Jean-Louis Appelmans CEO: "After Belgium, the Grand Duchy of Luxembourg and Switzerland, Austria is a growth area for Leasinvest Real Estate. This successful retail park with an annually increasing footfall represents a further growth of our retail portfolio currently standing at 48% of our consolidated, directly held portfolio."
5. Outlook
Notwithstanding the demolition that started, and the reconstruction of 2 buildings in the Brussels CBD in the course of this financial year, namely the Montoyer 63 building, for which a usufruct agreement was concluded with the European Parliament for a term of 21 years, and the building Square de Meeûs, currently under reconstruction after finalizing its demolition, and except for exceptional circumstances, the company expects, and thanks to the acquisition of the building Tour & Taxis Royal Depot, to realize a higher net result and higher net current result in 2016 than in 2015. The company consequently expects that the dividend over 2016 can be maintained at minimum the same level.
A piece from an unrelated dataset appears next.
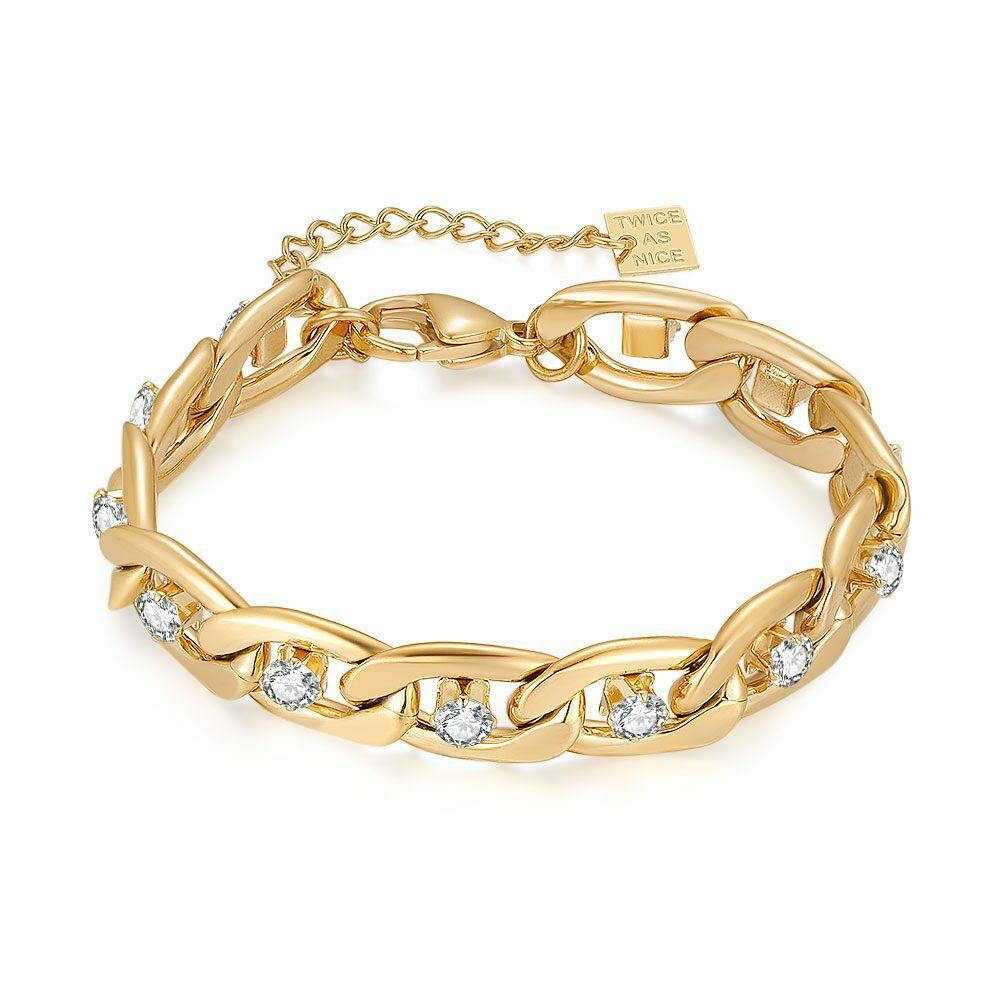 Bracelets | Gold Coloured Stainless Steel Bracelet, Gourmet Chain, 12 Crystals Bracelets Bracelets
For more information, contact:
Leasinvest Real Estate
Jean-Louis Appelmans
CEO
T: +32 3 238 98 77
E: jeanlouis.appelmans@leasinvest.be
LEASINVEST REAL ESTATE SCA
Public BE-REIT (SIR/GVV) Leasinvest Real Estate SCA mainly invests in high quality and well-located retail buildings and offices in the Grand Duchy of Luxembourg, in Belgium, in Switzerland and in Austria.
At present (including the recent acquisition) the total fair value of the directly held real estate portfolio of Leasinvest amounts to
€ 857 million spread across the Grand Duchy of Luxembourg (49%), Belgium (41%), Switzerland (5%) and Austria (5%).
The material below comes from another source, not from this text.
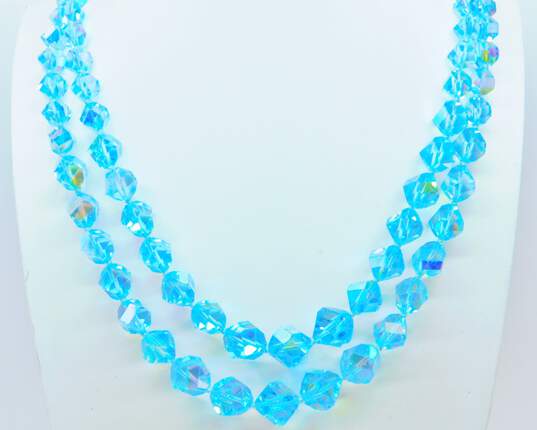 Vintage Laguna Clip Earrings & Silver Tone Blue Aurora Borealis Crystal Jewelry 201.8g image number 4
Moreover, Leasinvest is the largest real estate investor in Luxembourg.
The total direct portfolio consists of retail (48%), offices (37%) and logistics (15%).
The BE-REIT (SIR/GVV) is listed on Euronext Brussels and has a market capitalization of more than € 505 million (value 16/11/2016).
[1] The global real estate portfolio consists of the direct (buildings) and indirect (mainly the participation in Retail Estates) real estate portfolio.
[2] In the calculation of the occupancy rate, the development projects are not taken into account.
[3] Fair value: the investment value as defined by an independent real estate expert and of which the transfer rights have been deducted. The fair value is the accounting value under IFRS.
[4] The net current result is calculated as the net result excluding the portfolio result on the one hand, and the changes in fair value of the ineffective hedges on the other hand.